La separación ocurrió durante las últimas horas del gobierno de Donald Trump, el cual ha sido duramente criticado por separar a miles de familias migrantes.
Ambos hermanos viajaban con visas válidas otorgadas por Estados Unidos. Christian Laporte de 19 años regresaba al país para asistir a sus clases en la universidad Diablo Valley en Pleasant Hill, luego de pasar las vacaciones en Haití, afirma Milli Atkinson, la abogada de los hermanos.
Atkinson agrega que el hermano menor, Vladímir Fardin, acompañaba a Laporte para visitarlo y contaba con una visa de turista.
Cuando llegaron a SFO la tarde del domingo pasado de un viaje originario de México, oficiales migratorios le negaron la entrada al país a los hermanos a causa de problemas con sus visas, esto según un vocero de la Oficina de Aduanas y Protección Fronteriza (o CBP por sus siglas en inglés).
Atkinson dice que los hermanos fueron detenidos en el aeropuerto por un período de 24 horas. Los oficiales de inmigración tomaron sus visas y no permitieron que ningún hermano contactara a Atkinson ni a sus familiares.
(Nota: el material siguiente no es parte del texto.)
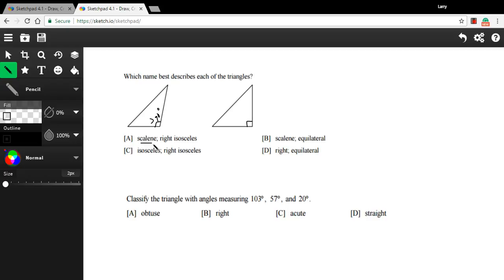We could have scalene and right isosceles. Well, that would fit with what I was just saying. This could be scalene. This could be right isosceles. Here we have right isosceles again, but the first one would be isosceles. And isosceles, remember, means two sides are the same. I don't think that's the case on that one. So I think C is out.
Atkinson, quien es la directora legal del grupo pro inmigrante ‘Immigrant Legal Defense Collaborative’ del Colegio de Abogados de San Francisco, calificó la falta de comunicación durante una situación que involucra a un menor como “un aspecto aterrador de nuestro sistema migratorio”.
La noche del lunes, las autoridades llevaron a Fardin a un albergue, dijo Atkinson. Ella sostiene que en ese momento no fue informada a dónde lo llevaban. Después de llegar a un plantel en San Diego operado por la Oficina de reasentamiento de refugiados (o ORR por sus siglas), el joven finalmente pudo llamar a su madre, dijo Atkinson.
Clasificar a Fardin como un menor no acompañado fue algo innecesario y podría resultar en una separación larga y dolorosa, agrega la abogada.
“Este sistema fue diseñado para proteger a los niños de las redes del tráfico de personas. Sin embargo, era claro desde el momento que él llegó que esta situación no era un caso de tráfico de personas”, dijo Atkinson. “Es un largo proceso burocrático y posiblemente podría tardar meses hasta que él vea a su familia de nuevo”, señaló.
La mañana del día siguiente, se le ordenó a Laporte que tomara un vuelo a la República Dominicana con escala en México. Sin embargo, Laporte no es dominicano, aclara Atkinson. La abogada también afirma que los funcionarios migratorios se rehusaron a darle el número de vuelo, pero la madre del joven logró viajar de Haití al aeropuerto domincano para encontrar a su hijo.
“Su madre está devastada”, dijo Atkinson. “Se le partió el corazón por lo que le sucedió a Christian…y está muy angustiada, con mucha razón, por la seguridad y bienestar de Vladímir”.